The House of Representatives should be reflective of the citizens. It should mirror the ideas, backgrounds, values and needs of every American citizen and not cater to a certain majority. The House should also be a place that represents minorities. The current single-member district system harms ideological minorities and third parties because they are unlikely to get the majority of the votes needed for representation in the system. Switching to proportional representation with multi-member districts will be a huge step toward achieving full representation of the U.S. population. Instead of giving seats to a party that received 51% of the votes and ignoring the votes of nearly half of the electorate, proportional representation will allow a fair representation of all groups. With proportional representation, we will be encouraging not only ideological minority representation in the House but also their political engagement. When minority groups know they have the chance to get elected and their votes are valued, the voter turnout rate will increase.

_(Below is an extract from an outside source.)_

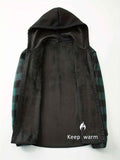 Plaid Hooded Jacket with Velvet Lining - Yellow - Size L(AU L/EU50) In Australia - Darrahopens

With proportional representation, we can expect to have debates on issues we have neglected for years and enact a wider range of policies. For example, third parties like the Green Party can ensure the House discusses and finds solutions for environmental issues. More representation in the House will change the issues we are focused on and lead to more political inclusion. It can also change how we perceive American politics and the party system. Proportional representation can help save the U.S. from party divisions, gridlocks, and decisions that are only being made to counter the other party. Instead of two parties competing with each other, there will be several parties with different goals working together. It will encourage parties to collaborate, seek a majority in most cases, mutually tolerate each other and compromise. Since no party will be able to pass a bill without support from other parties, we will see bi-partisan bills that are more inclusive and reflect the needs of a wider range of people. With proportional representation, we can save the U.S. from deep political polarization and free democracy from the claws of elephants and donkeys.

Switching to proportional representation will also solve the problem of partisan gerrymandering. The parties that control the legislature enjoy the benefit of drawing districts that will benefit their party. Even though a state might have more people who vote for Party A, the legislature can draw districts in a way that will make sure that Party B wins. For example, from 2012 to 2016, citizens from Michigan voted for the Democratic Party 52% of the time for the House of Representatives however, Democrats received only 44% of the seats due to partisan gerrymandering. With proportional representation, every vote will reflect the percentages of representation, gerrymandering won’t affect the outcomes and we will eliminate this unfair practice of partisan gerrymandering.

To ensure fair representation, improve the functionality of politics and save the American democracy, the U.S. should abolish the single-member district system and use multi-member districts under proportional representation. The House is the body that represents the will of the American citizens and it should strive to reflect the population as much as it can. By advocating for better forms of representation, the U.S. can finally free itself from the claws of the two-party system.

Kardelen Ergul (24C) is from Istanbul.